If you’ve been paying even slight attention to major media outlets in the past week, you’ve heard of and about Pokémon Go; an Iphone/Android application that uses GPS technology to let users catch Pokémon in the real world. At first, many just walked around and caught whatever they saw, plain and simple. However, with the inclusion of Pokéstops (set locations that give players items upon visiting) and gyms (locations where the game’s three factions battle their pokémon for control), Pokémon Go has proven to be quite the social application as well.
Typically, popular applications suck people out of the real world, eschewing real-life communication for wireless messaging. Pokémon Go has no such feature. Rather, people are actually talking to each other in person when playing. It’s not uncommon to have someone run up to you and ask if you’ve seen a Squirtle near by, nor are general show-off sessions between trainers. In reality, it’s kind of mystifying; people coming together and interacting over shared memories of youth. However, not everyone sees it this way, I am here to talk about these outliers.
As of late, there has been a surge of blog posts and small-time articles talking about how playing Pokémon Go is not an invitation for interaction. The rhetoric on both sides can be rather heated, but on a basic level, one side says that they shouldn’t assume others want to interact or should be interacted with while the other argues that the application is meant to be social.
On one hand, it can be easy to understand why some wouldn’t want to talk to others; they might have social issues or are simply not feeling like talking to others at the time. Not everyone wants to talk all day, and that should be respected. What’s more, people are cautious, as they should be; some people have already been robbed in Missouri after being lured to pokéstops. In general, the world is a wild place, and you never know if someone is okay to talk to both out of danger and simply how they’re feeling at the time.
On the other, Pokémon Go is indeed a social app; it brings people out of their houses and into the world to catch fantasy creatures in the wild. This gives people something to talk about, and that should be applauded. If you want to approach someone but have nothing to talk about, it’s easy to just go up to them if they’ve seen a specific pokémon in the area, or if they’ve made an attempt at the nearest gym. Humans are innately social creatures, and that makes giving people such common ground something truly beautiful. Even then, Pokémon Go means more than some might think at the surface level. People around my age (20-30) grew up with Pokémon. It hit us so hard in our youths that one of the most commonly held fantasies was to live in the Pokémon world and live as a trainer, and now we actually have that opportunity. Therein, what fun is it to be a trainer if there is no competition, rivalry, or interaction? Without other people to interact, bond, and train with; nothing really separates Pokémon Go from any of the other games, making it a massive waste of potential.

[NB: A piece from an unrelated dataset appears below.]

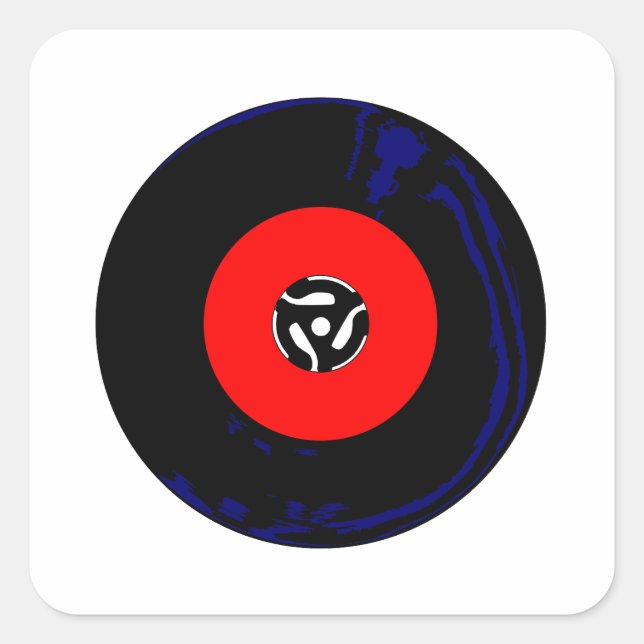 45 RPM SIngle Record Square Sticker (Front)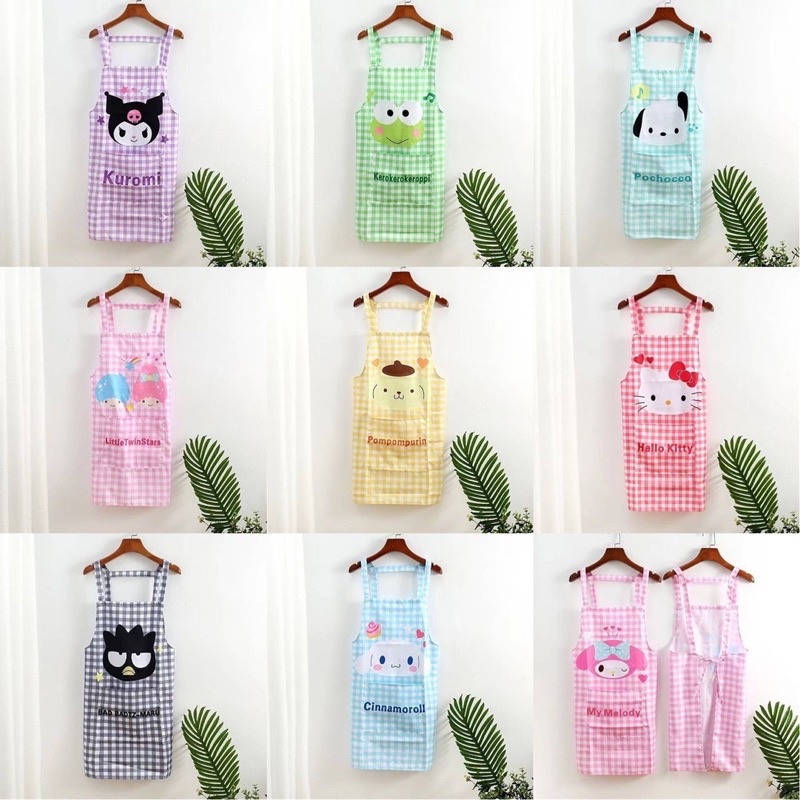 ผ้ากันเปื้อน sanrio ลายฮิต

So who’s right? Well, I’m only one man, but I really do think the pro-social camp is in the right on this one. Sure, sometimes you don’t want to talk to anyone, and there are people out there who don’t want us to have nice things. However, people are being brought together in a way some may have thought inconceivable, and that should be cherished. Are you in the right to not want to interact with others? Sure, social interaction is your choice; just be sure to be civil about it.
Nobody’s breaking down your door demanding a conversation; people are social and common ground might make them want to talk. With that said, going out in the open and playing Pokémon Go is pretty much an invitation to interaction; if you don’t want to deal with people, this simply isn’t the app you’re looking for. However, an interaction can easily end by informing the other party that you don’t feel like talking, just don’t act like they had no right to approach you in the first place.
But what about you? Do you agree and think that both sides can be civil about this? Or am I romanticizing the dreams of my childhood with the opportunities Pokémon Go has opened?